Pero más allá de mis propias debilidades, el género nunca dejó de seducirme. Es como cuando pasas junto a un accidente de autos y sabes que no debes voltear pero te es inevitable.
El vértigo del suspenso, la carcajada colectiva y liberadora después del grito, el estar al borde de un colapso nervioso aunque sea por las razones más tontas y trilladas: la pareja que se besuquea sin sospechar que pronto serán atravesados por un hacha, la sonsa que baja a indagar lo que pasa en el sótano, el bendito auto que no prende. Pero la fórmula funciona y el resultado es una industria millonaria y en sano crecimiento.
Por eso, cuando aparece una buena película de terror en cartelera me provoca siempre verla a pesar del riesgo de pasar varias noches en vela. Me enteré de Un lugar en silencio (A Quiet Place) por una entrevista a su director/protagonista (John Krasinski) y la coprotagonista (Emily Blunt), pareja de esposos en la vida real.

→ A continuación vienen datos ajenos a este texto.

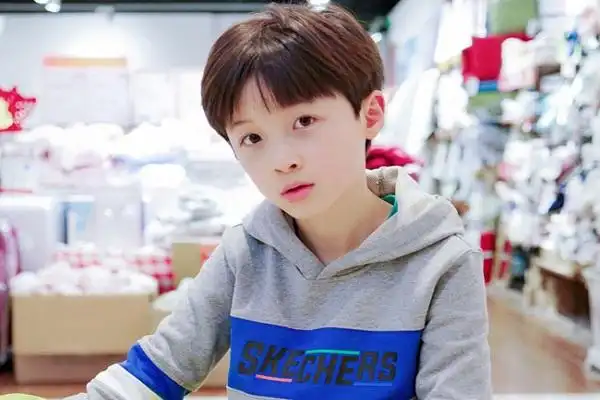 中国有哪些小童星?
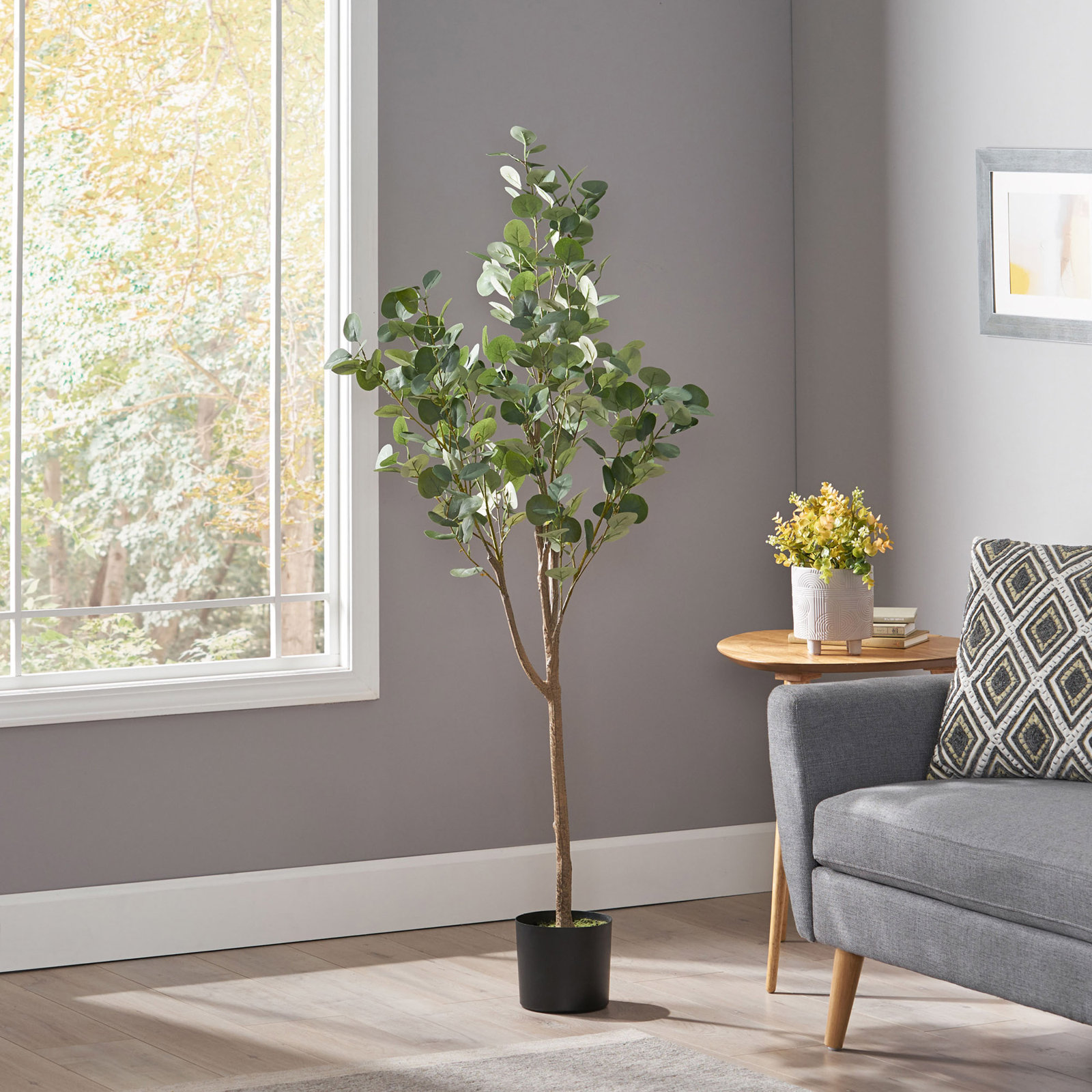 Aanya 71" Eucalyptus Tree in Pot, 59" H x 23" W x 23" D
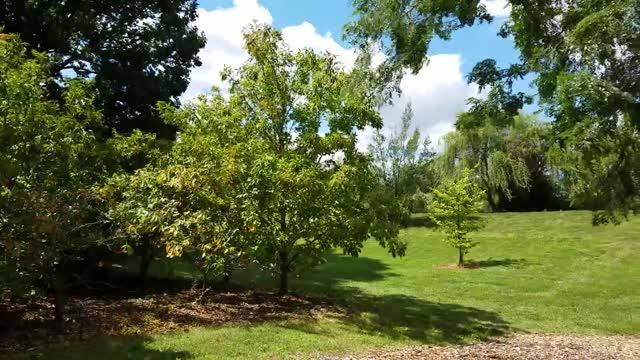 Ohio Buckeye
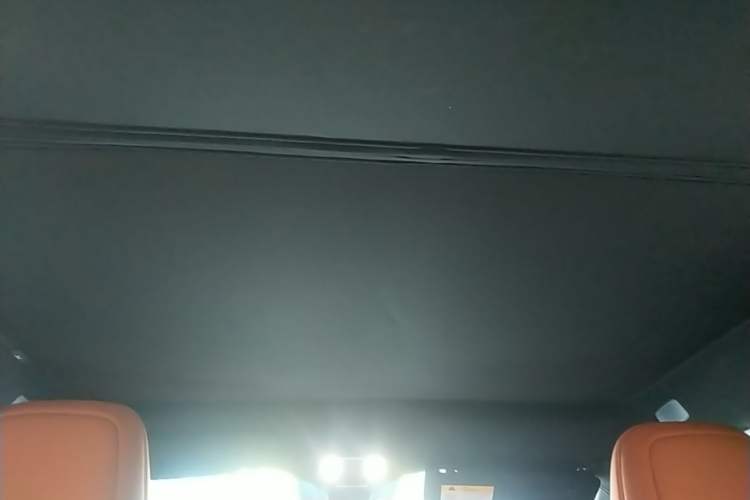 Used ONVO L60 2024 60 kWh Rear-Drive Version Headliner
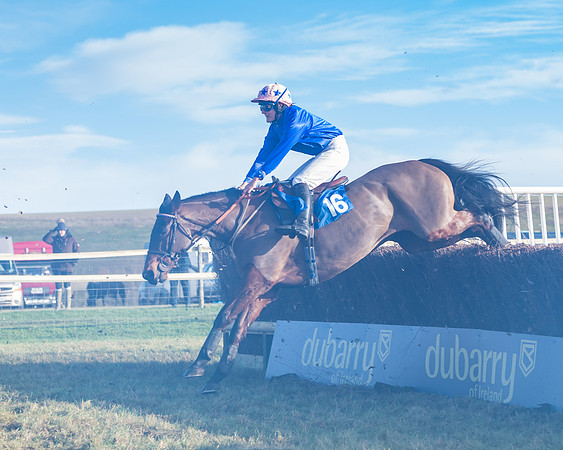 Race 4 - Veteran Horses (112 of 167)
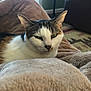 cat, calico_cat, pet, animal, indoor, blanket, cozy, fur, green_eyes, resting, living_room, furniture, leather_chair, soft_light, carpet, closeup, cute, domestic_cat, relaxed, whiskers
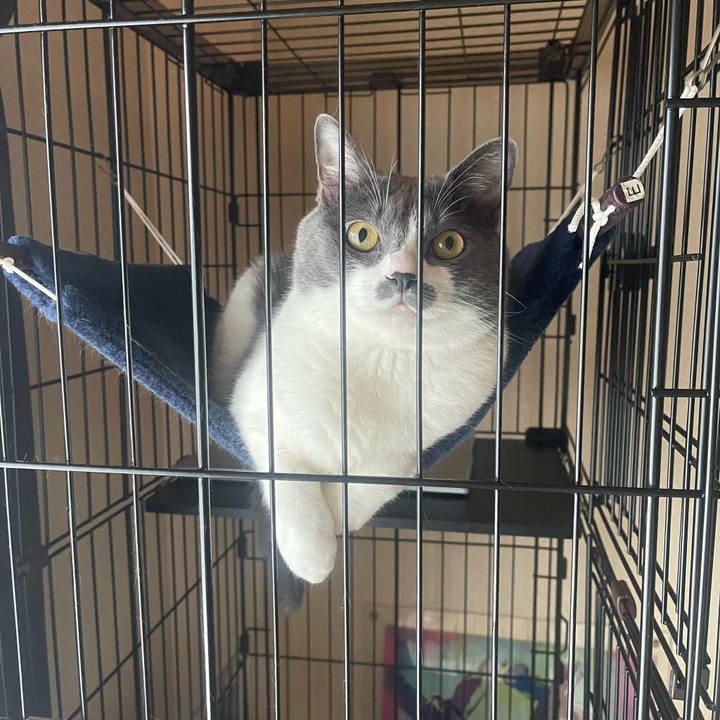 0df92107 c0ff 4a28 b5fa 3f2b84d4f9f0 1725074586945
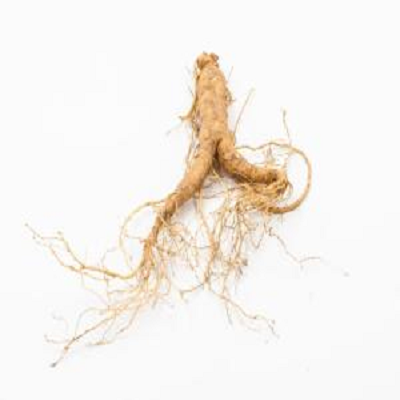 ginseng extract powder - NATURECHOICE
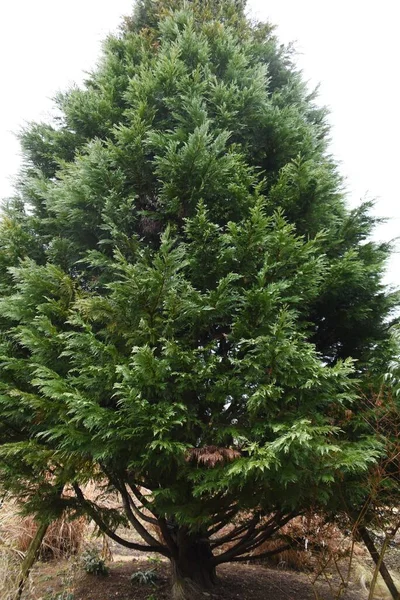 レイランド ヒノキ キジ科常緑針葉樹です それは急速に成長し ヘッジに使用されます — ストック写真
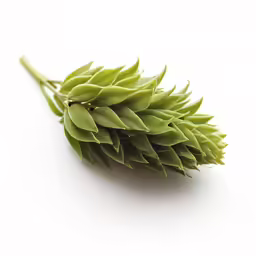 the close up of a green plant on a white surface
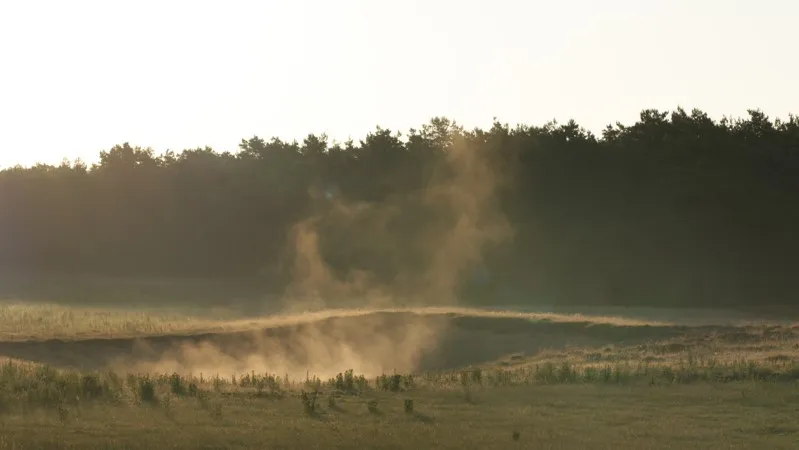 wandelen tussen nevel en novemberzon721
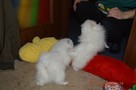 Pomeranian/ szpic miniaturowy . sliczne szczenieta. Gdansk - 5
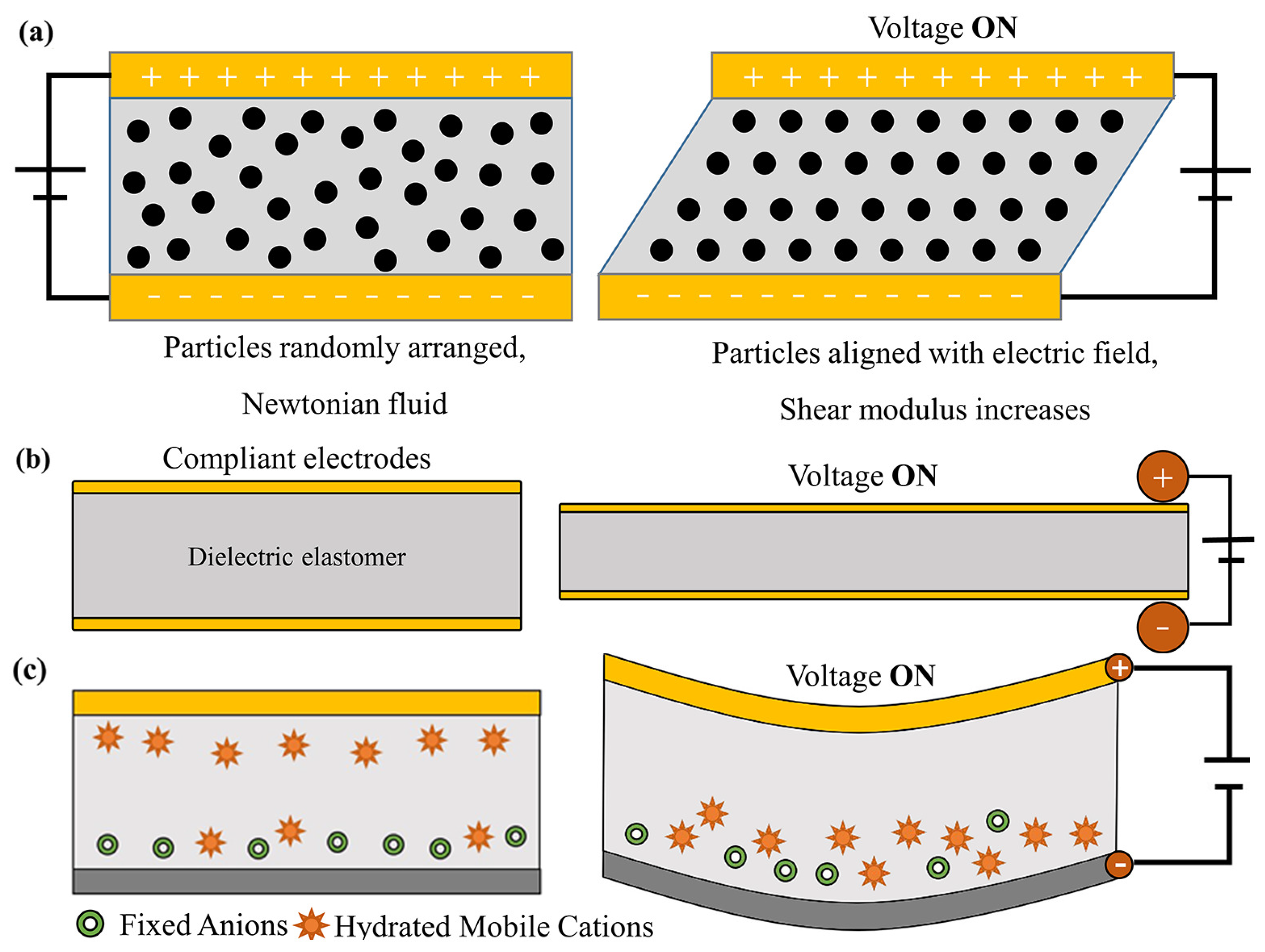 Actuators 11 00331 g003 Actuators 11 00331 g003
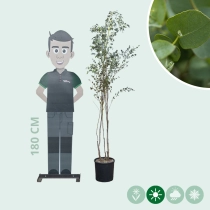 Eucalyptus meerstammig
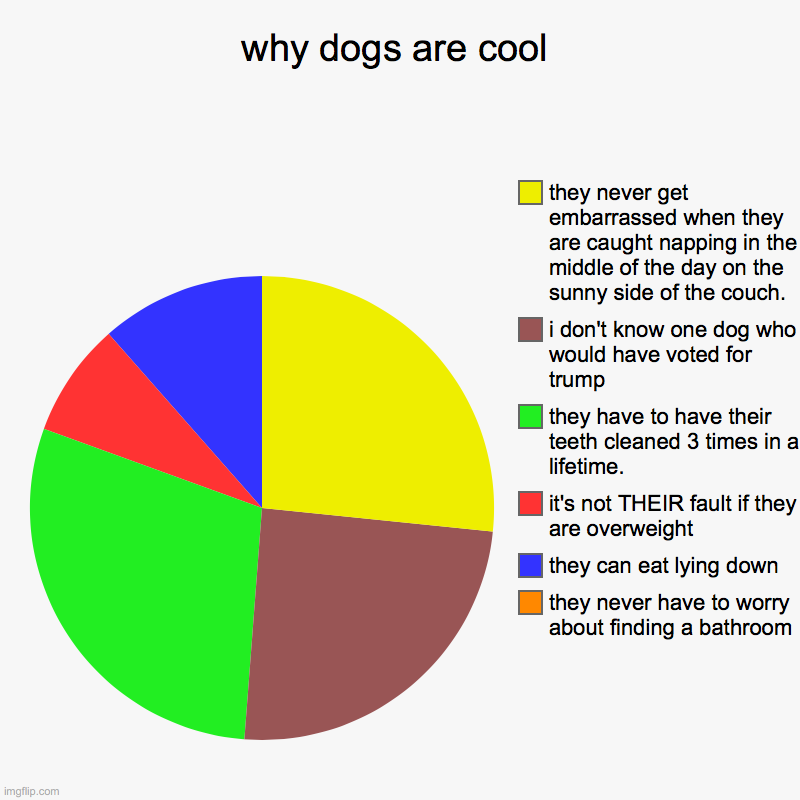 why dogs are cool | they never have to worry about finding a bathroom, they can eat lying down, it's not THEIR fault if they are overweight, | image tagged in charts,pie charts | made w/ Imgflip chart maker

Ambos conversaban en The Graham Norton Show sobre el primer trabajo de dirección de Krasinski y del reto que había significado la producción y realización, así como de su relación con el cine de horror (no muy distinta a la mía, por cierto, con la diferencia de que el ex chico bueno de The Office se obsesionó tanto con el género que ya se vio hasta los filmes más escalofriantes y gores).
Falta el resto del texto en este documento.